追われてないと、走ってる実感がない。
ある方からある場所で、「今年はなにができましたか?」と質問を受けた。
あわてて考え、もごもごと口にしたのは、仕事のことだった。あの本も出せたし、あの本に取りかかることもできた。収穫も、種まきも、どっちもできた。どうにかなんとか、会社も順調だ。浮かんだのはせいぜい、そんなことだ。

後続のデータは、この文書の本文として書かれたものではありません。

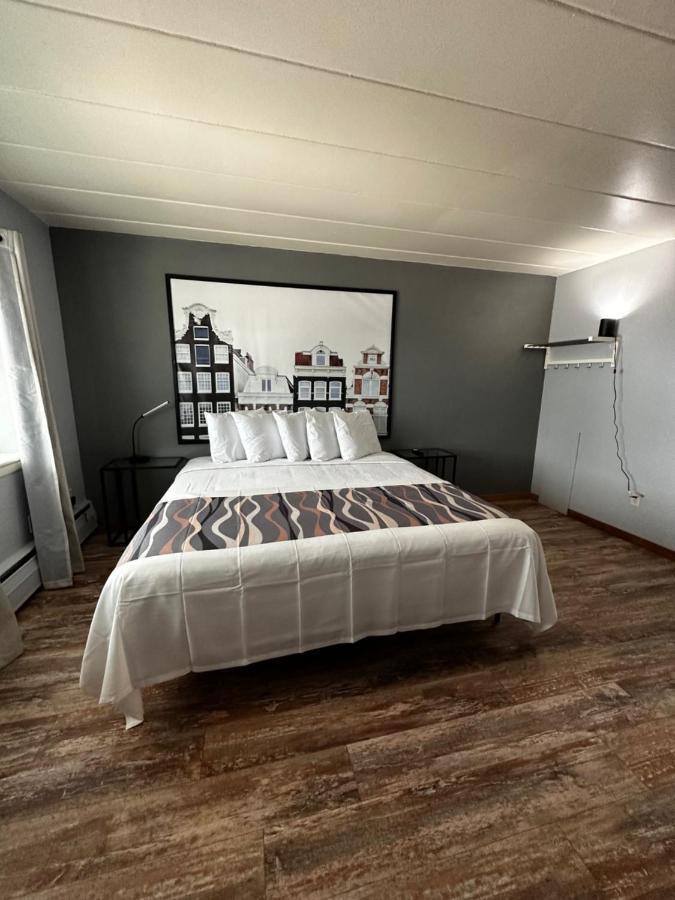 Valued Stay Aloha Madison Eksteriør bilde
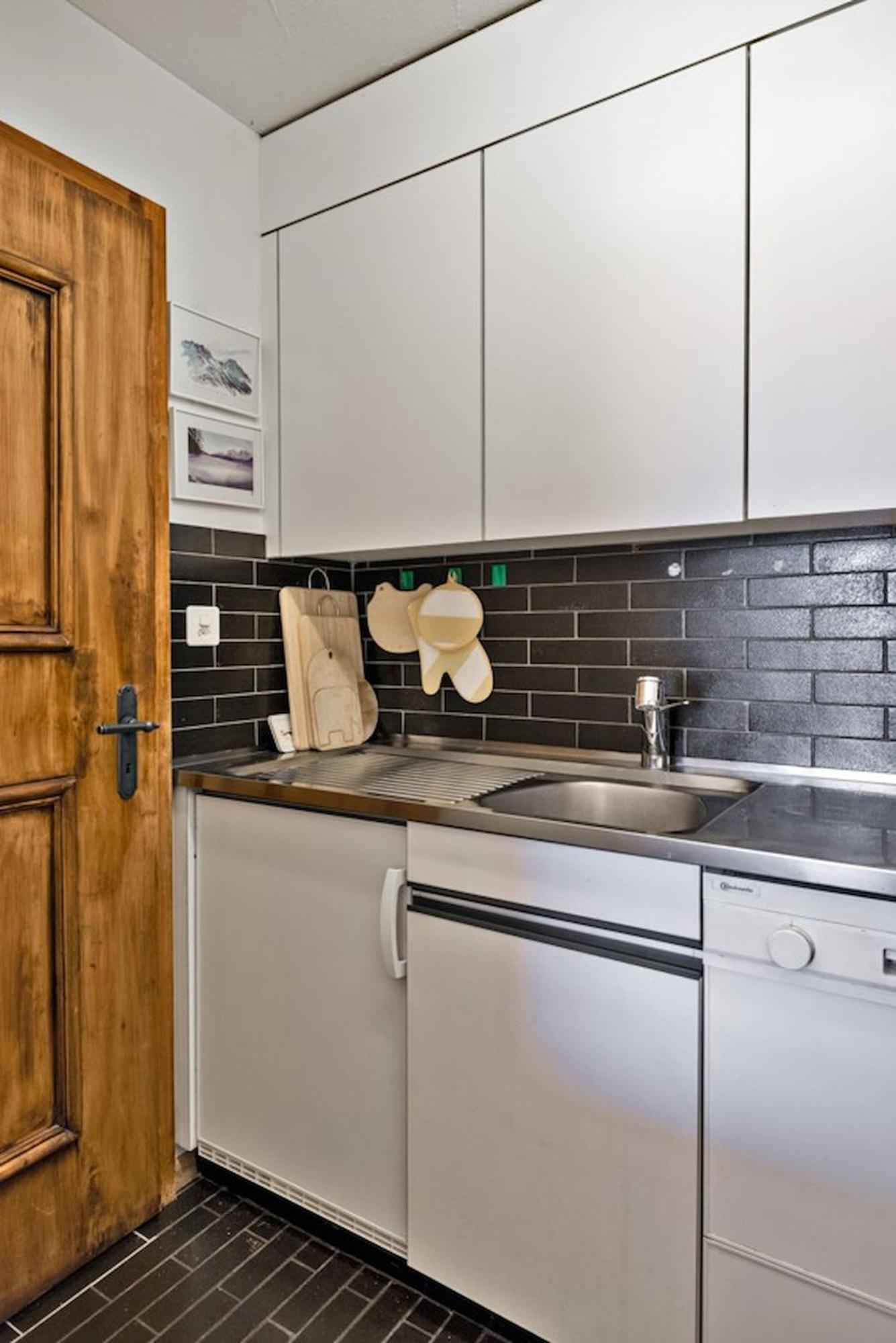 Apartament Chesa Chavriol 2 - Celerina Celerina/Schlarigna Zewnętrze zdjęcie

でもなあ、と思う。仕事じゃないところで、今年なにができたんだろう。
いつのまにか「成長」ということばを、職能的な文脈でのみ使っている自分がいる。それも悪くはないんだけど、たぶんここから劇的に文章がうまくなる、みたいなことはないと思うし、そもそもこの二十年くらい、あんまりにもプライベートを粗末に扱ってきた。ないがしろにし、あとまわしにしてきた。
その態度はきっと、仕事上での雑さやルーズさにもつながっていくんだろう。
よく言われる「ていねいな暮らし」ということばには、若干の違和感がある。ずっとフリーランスでライターをやってきたからなのか、個人的な性格の問題なのか、「追われていないと、走っている実感を得られない」みたいな困った性分がある。自分で自分の首を絞めるような働き方を、ついつい選んでしまっている。
でも、「仕事に追われまくってる」のは、「プライベートから逃げ回ってる」ことでもあるんだよなあ。来年は、プライベートで「これができました」と言えるようなこと、なにかやろう。それができる自分であろう。
いまはとにかく、たっくさんの「資料じゃない本」を読みたいです。これはもう、老眼がはじまる前にやっとかないとねー。